WHAT YOU SHOULD DO: Exact copy, no pictures: return only the lines below from the line with "thumbnail image 1" up to and including the line with "Kensington Eastside Navy".

RECORDS PROVIDED:
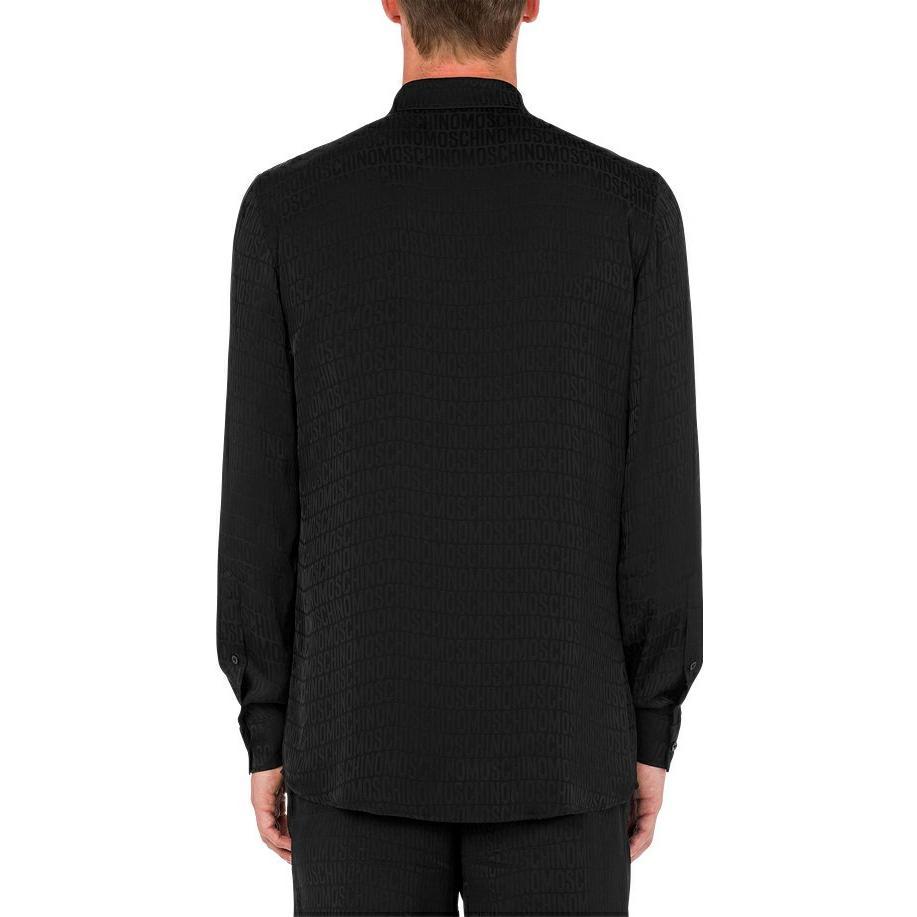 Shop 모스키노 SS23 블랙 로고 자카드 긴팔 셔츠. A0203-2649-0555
* * *
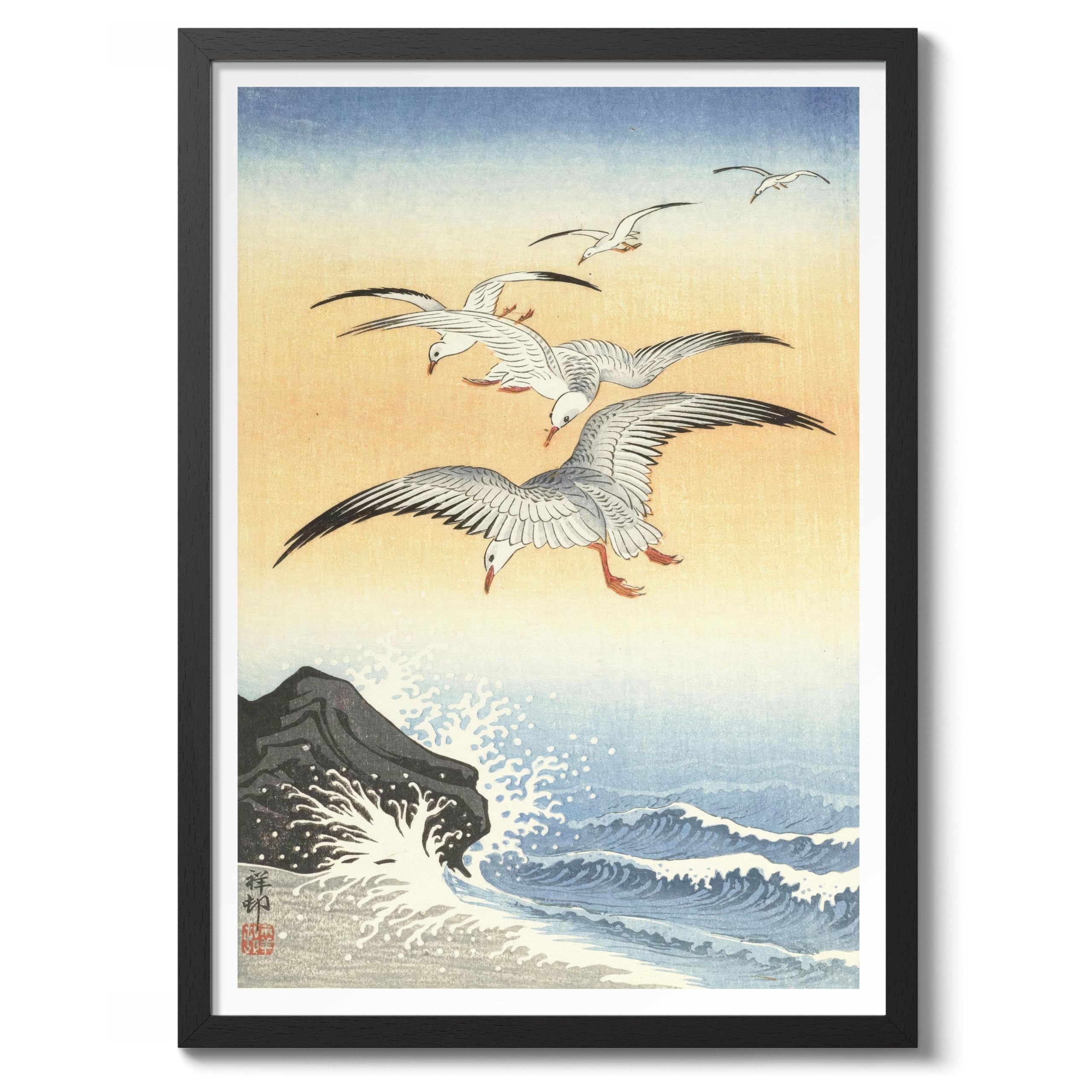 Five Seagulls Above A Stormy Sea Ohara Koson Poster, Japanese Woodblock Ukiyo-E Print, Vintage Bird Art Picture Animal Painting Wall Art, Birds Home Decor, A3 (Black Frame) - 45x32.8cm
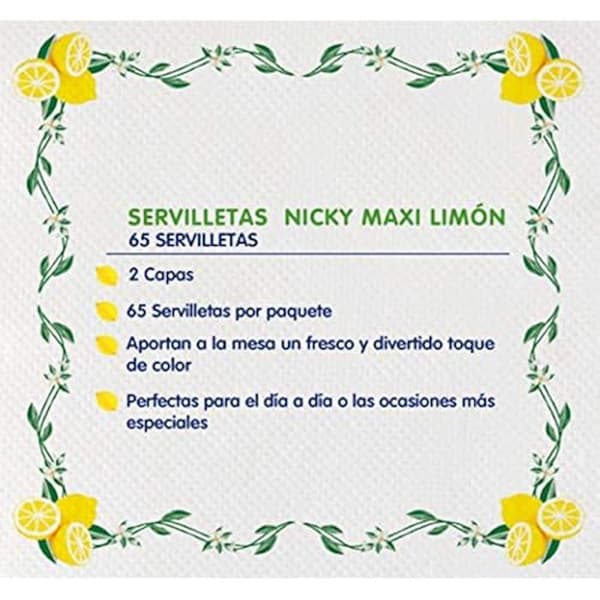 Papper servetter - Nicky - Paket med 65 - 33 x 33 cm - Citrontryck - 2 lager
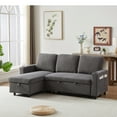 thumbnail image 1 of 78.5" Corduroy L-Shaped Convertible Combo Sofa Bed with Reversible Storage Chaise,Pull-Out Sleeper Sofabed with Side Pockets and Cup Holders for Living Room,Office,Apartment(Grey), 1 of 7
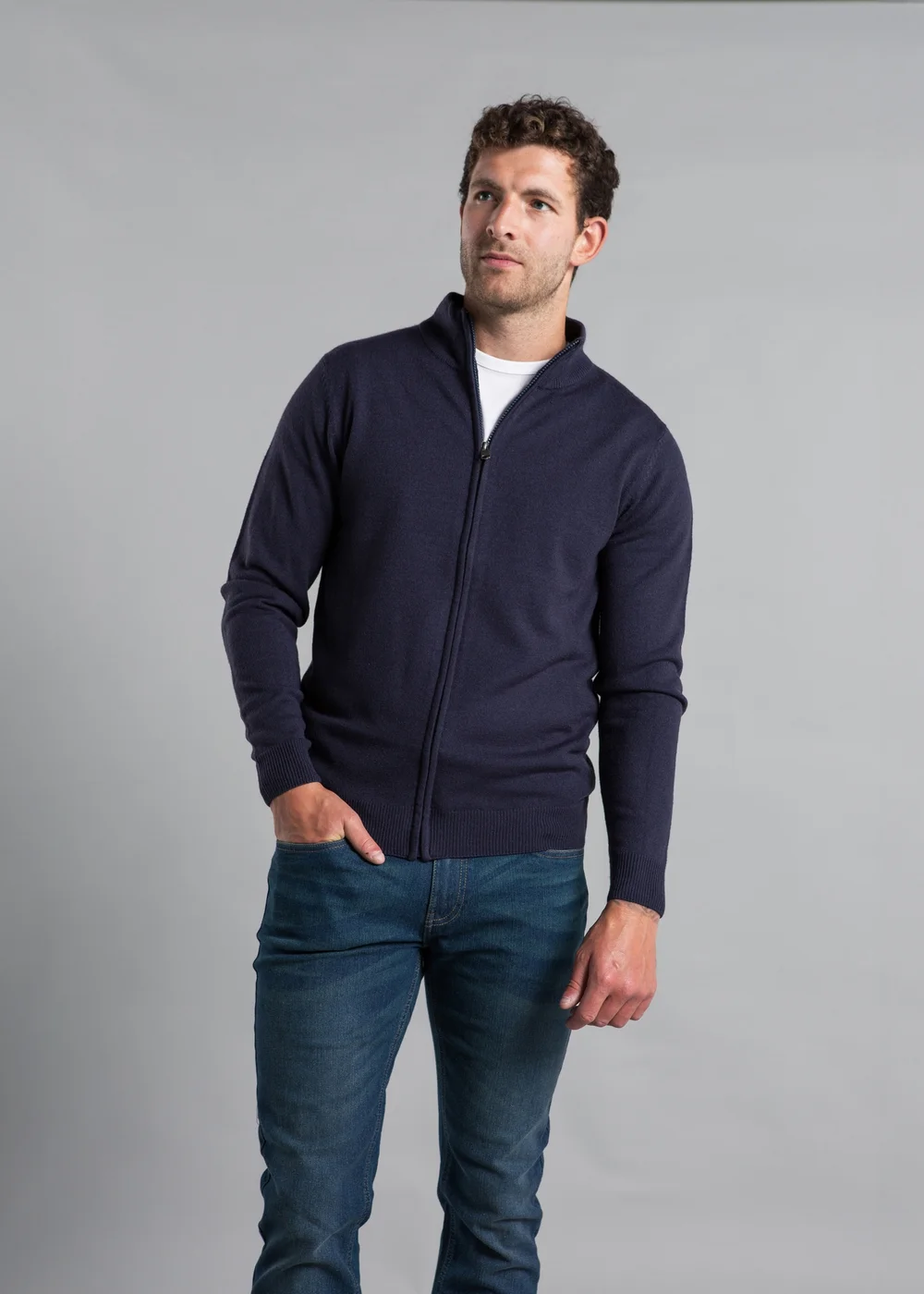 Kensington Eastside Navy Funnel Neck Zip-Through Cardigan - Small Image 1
...
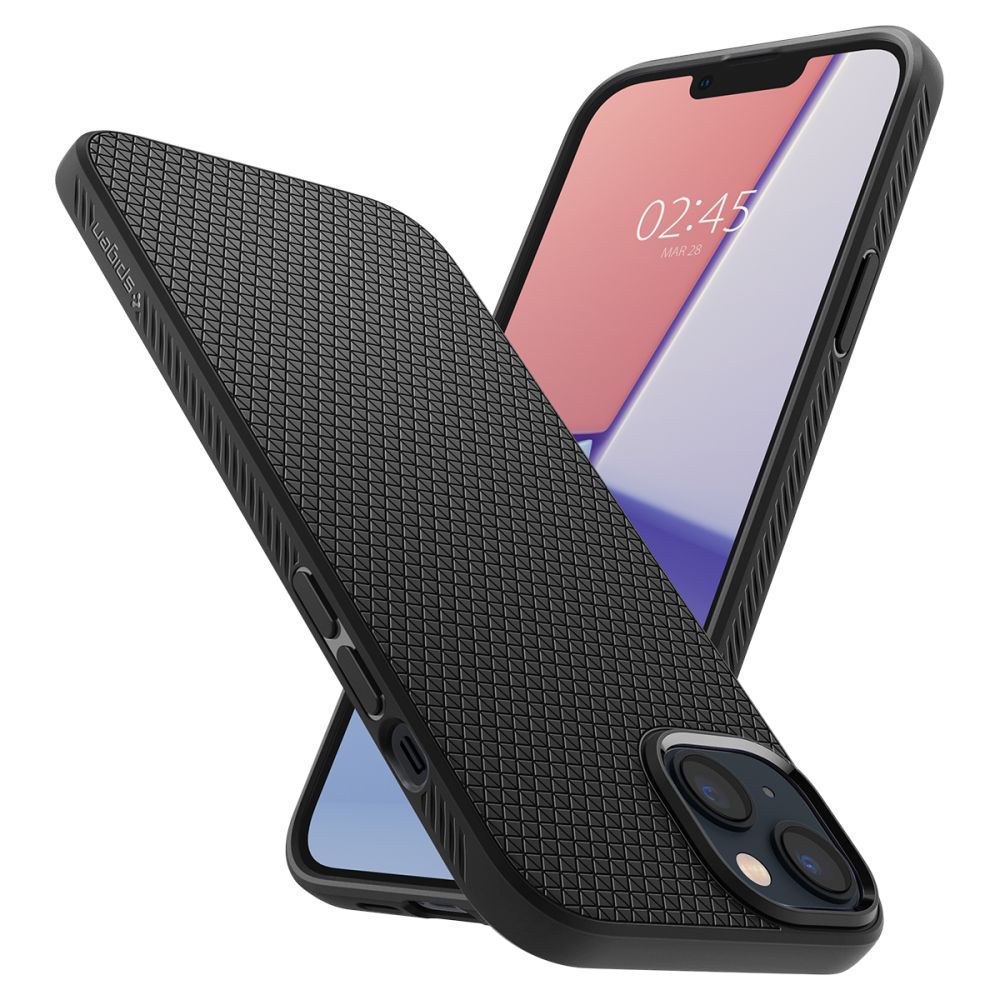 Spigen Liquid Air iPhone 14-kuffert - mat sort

RESPONSE TO THE EXERCISE:
 thumbnail image 1 of 78.5" Corduroy L-Shaped Convertible Combo Sofa Bed with Reversible Storage Chaise,Pull-Out Sleeper Sofabed with Side Pockets and Cup Holders for Living Room,Office,Apartment(Grey), 1 of 7
 Kensington Eastside Navy Funnel Neck Zip-Through Cardigan - Small Image 1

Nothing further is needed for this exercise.